Écrire des règles plutôt que des liens
Sur un gros catalogue, la question n’est pas « vers quelle page ajouter un lien ? », mais « dans quelles conditions ce lien doit-il apparaître ? ». Une règle peut par exemple sélectionner jusqu’à quatre produits complémentaires disponibles, appartenant à une famille compatible et situés dans une gamme de prix cohérente.
Les critères doivent être hiérarchisés. Le stock passe souvent avant la popularité, et la pertinence avant la marge. Renforcer une fiche indisponible ou proposer un accessoire incompatible dégrade le système.
Le nombre de liens par page doit rester maîtrisé. Un bloc de cinquante recommandations n’aide ni l’utilisateur ni la hiérarchie. Pour une fiche produit, trois à huit liens contextuels bien choisis sont généralement plus utiles qu’une longue liste. Une catégorie peut en accueillir davantage, car sa fonction est précisément de distribuer la navigation.
La rotation ne doit pas rendre le système instable. Changer tous les liens à chaque chargement empêche d’identifier une structure durable. Une rotation hebdomadaire ou mensuelle est plus facile à mesurer.
Les règles doivent enfin prévoir des exceptions manuelles. Une entreprise peut vouloir renforcer temporairement une gamme stratégique, une nouveauté ou un produit lié à une campagne. Le système doit permettre cette intervention sans casser l’automatisation générale.
Les ancres internes
Une bonne ancre décrit la page de destination sans réciter mécaniquement le même mot-clé. « Fauteuils ergonomiques », « sièges adaptés au télétravail » ou « modèles avec soutien lombaire » peuvent mener vers des pages proches selon le contexte.

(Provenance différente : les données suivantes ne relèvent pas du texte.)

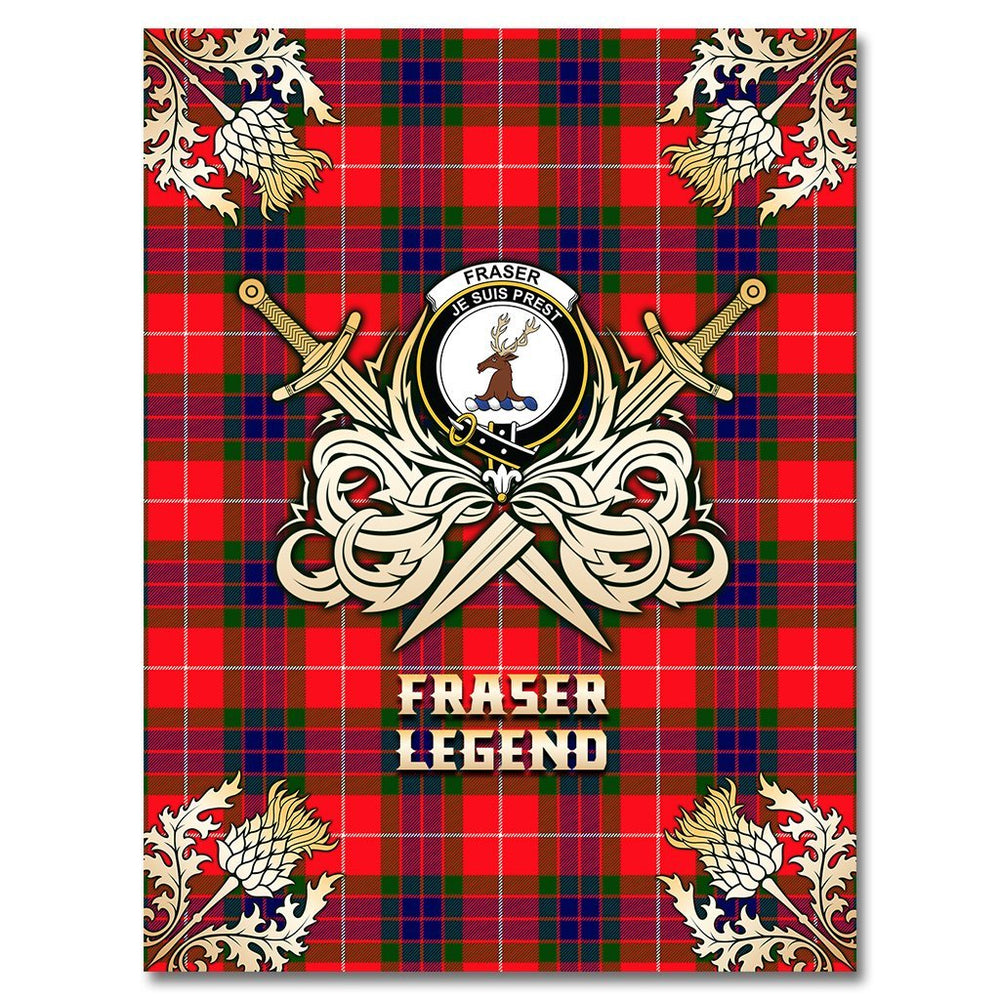 Clan Fraser Modern Tartan Gold Courage Symbol Blanket RC74 Clan Fraser Tartan Today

Les ancres génériques comme « cliquez ici », « découvrir » ou « en savoir plus » restent parfois acceptables dans un bouton, mais elles donnent peu d’information. Lorsque le design le permet, le nom du produit ou de la catégorie doit être inclus dans le lien.

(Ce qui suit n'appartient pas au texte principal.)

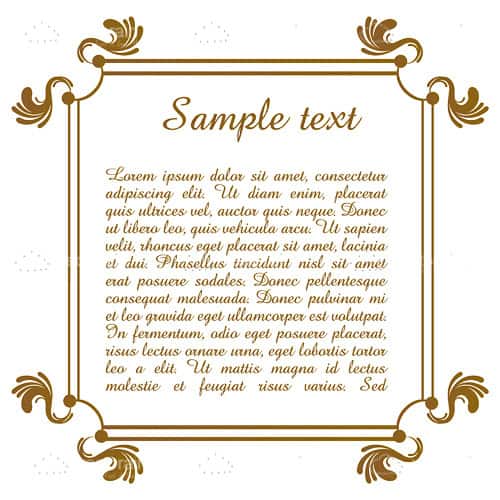 Classic Golden Frame with Floral Ornaments and Sample Text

La variation ne doit pas devenir artificielle. Une ancre naturelle vaut mieux que vingt synonymes approximatifs générés uniquement pour varier.
Il faut aussi éviter la sur-optimisation à l’échelle du catalogue. Si chaque fiche contient dix fois la même ancre vers une catégorie, la répétition devient visible et peu utile. La règle doit limiter les doublons dans une même page et répartir les formulations selon les blocs.

Contrôler le résultat
Le premier indicateur est la profondeur de clic moyenne. Elle permet de voir si les pages importantes sont rapidement accessibles depuis l’accueil ou les grandes catégories. Il faut l’analyser par segment : catégories stratégiques, produits moteurs, longue traîne et références dormantes.
Le nombre de liens entrants internes par page révèle ensuite les déséquilibres. Une page prioritaire qui reçoit trois liens tandis qu’une ancienne catégorie en reçoit 8 000 signale un problème de gabarit ou de hiérarchie. L’objectif n’est pas d’égaliser, mais d’aligner le volume de liens avec l’importance réelle.
Les pages orphelines doivent être suivies régulièrement, notamment après une migration, une modification d’arborescence ou l’import massif de produits. Un contrôle mensuel peut suffire sur un catalogue stable ; un site à forte rotation doit automatiser l’alerte.
Enfin, mesurez la fréquence d’exploration, les impressions, les clics vers les catégories, l’usage des produits associés et le chiffre d’affaires généré. Un bon maillage ne crée pas le plus de connexions : il rend les pages utiles plus accessibles et plus présentes dans les parcours d’achat.